DiLouie doesn’t think that having moved to Canada has changed his perspective towards his home country a great deal and instead sees his perspective on Canada to be different than that of most Canadians.

“I’d love to say yes but not really. As an American living in Canada I’m still an American patriot and I follow the news there but I’ve grown to love Canada. I’ve been living here for quite a long time now and have roots here, my children are here and I couldn’t be happier living here. My main reflections aren’t so much on how I look at the US and more on how I look at Canada,” DiLouie says. “I lived in New York City and my wife at the time survived the World Trade Center attack in 2001, she was on the 87th floor of the North Tower and that was a hell of a time. Within two years we decided to leave and we ended up coming to Canada rather than staying in the US. I’ve really come to appreciate the fantastic health care and general peacefulness. It’s not as polarized, the political process is a little more sane.”

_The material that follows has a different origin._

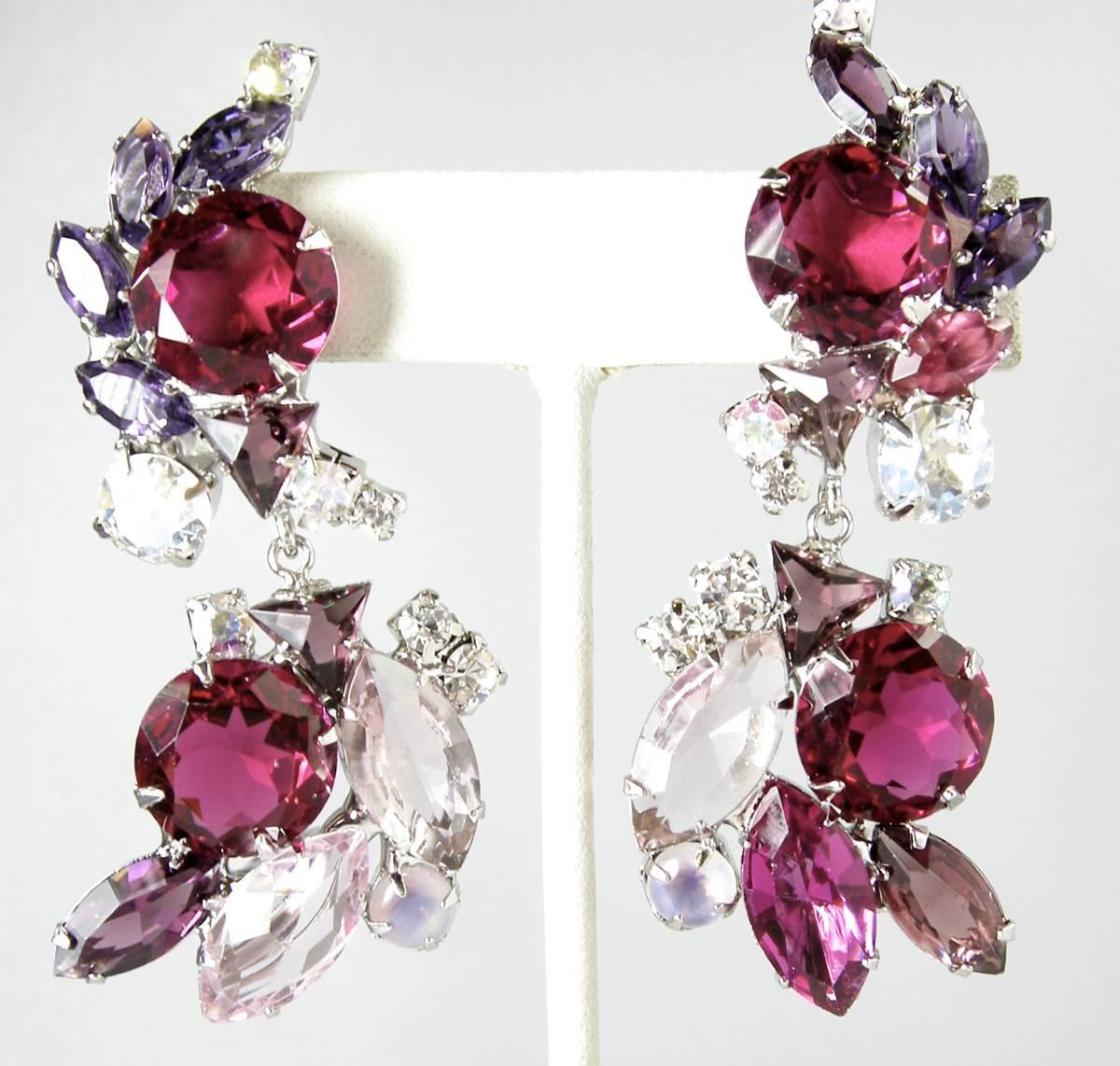 These one of a kind earrings by Robert Sorrell feature rich red and clear faceted crystals in a silver-tone setting. These clip earrings measure 3-1/2” x 1-1/8” and are signed “Sorrell Originals”. These are earrings are in excellent condition.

While DiLouie hopes that Canada doesn’t reach the same points of division that he sees in his home country, he does see it as a possibility.

“I think there’s a potential for it,” DiLouise says. “It depends how the elites treat their constituencies, especially the more extreme fringe of their constituencies. If they latch on them and bring them into the mainstream and make them a part of the face of the party then that’s very polarizing and Canada risks going down the same paths in terms of polarization and turmoil. I really hope that doesn’t happen here because I feel like regardless of what party’s in power, I could always look at the other side and say I respect them and they’re not crazy and I don’t like what they’re doing but I don’t hate them and I want them to succeed for the country.”

DiLouie sees no easy answers to the current, polarized state of affairs and sees his book not as a means of offering solutions to our predicament but rather as a way of sending a warning about the current path that we find ourselves on and the dangers that can arise from it.

“I’ve written a dystopian novel which provides a warning. If we take something bad from the present day and take it to its logical conclusion and accelerates it into the future this could happen,” DiLouie says. “For me, as the author, my main job was to point at the problem and exaggerate it to call attention to it and say ‘this is a warning, how do you feel about this?’ The novel’s main purpose is to entertain and engage the reader viscerally. If they come away reflecting on the themes and they discuss it with other people, that’s even better. The easy answer is both sides should be talking less and listening more. But there’s so much institutionalized and so much money and power vested in the polarization I’m not sure what the solution would be.”

Our War is available wherever books are sold in physical, e-book and audiobook format.